* **WHAT YOU SHOULD DO**
Look through the entries below and copy exactly the part that begins with the line containing "Foto 1 de Casa" and ends with the line containing "Wie ist die". Do not copy the pictures.

* **LISTED ENTRIES**
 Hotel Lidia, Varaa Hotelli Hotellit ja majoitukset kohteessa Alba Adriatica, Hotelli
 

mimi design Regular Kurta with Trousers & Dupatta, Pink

...

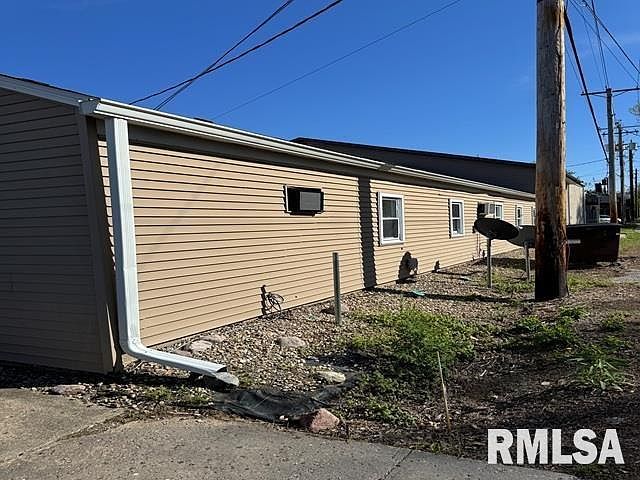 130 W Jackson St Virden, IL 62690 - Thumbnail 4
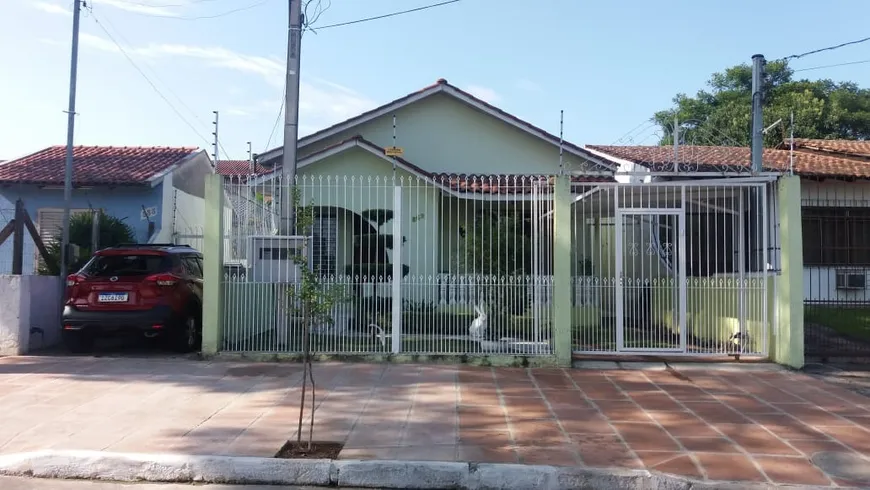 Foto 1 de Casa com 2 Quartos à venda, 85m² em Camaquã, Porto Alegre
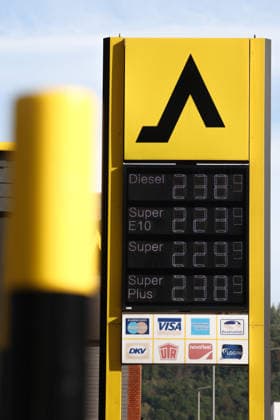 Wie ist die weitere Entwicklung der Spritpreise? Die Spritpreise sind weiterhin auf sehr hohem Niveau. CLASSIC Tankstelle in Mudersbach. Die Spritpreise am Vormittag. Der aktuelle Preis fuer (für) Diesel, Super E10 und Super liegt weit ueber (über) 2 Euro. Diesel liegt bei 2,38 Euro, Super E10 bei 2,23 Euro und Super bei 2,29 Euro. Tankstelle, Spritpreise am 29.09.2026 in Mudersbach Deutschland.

--

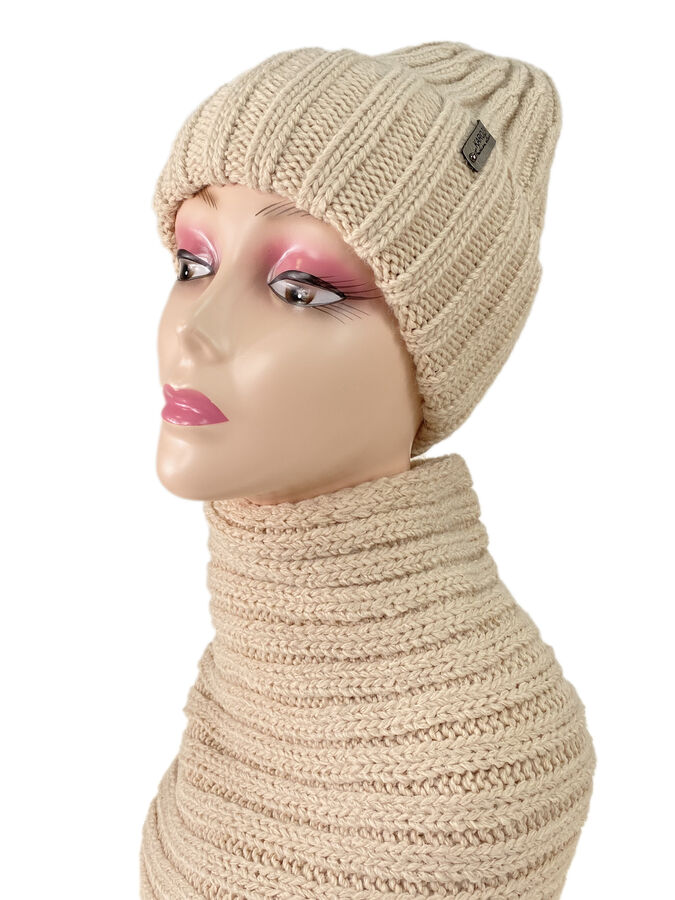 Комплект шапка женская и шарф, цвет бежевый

* **SOLUTION TO THE PROBLEM**
 Foto 1 de Casa com 2 Quartos à venda, 85m² em Camaquã, Porto Alegre
 Wie ist die weitere Entwicklung der Spritpreise? Die Spritpreise sind weiterhin auf sehr hohem Niveau. CLASSIC Tankstelle in Mudersbach. Die Spritpreise am Vormittag. Der aktuelle Preis fuer (für) Diesel, Super E10 und Super liegt weit ueber (über) 2 Euro. Diesel liegt bei 2,38 Euro, Super E10 bei 2,23 Euro und Super bei 2,29 Euro. Tankstelle, Spritpreise am 29.09.2026 in Mudersbach Deutschland.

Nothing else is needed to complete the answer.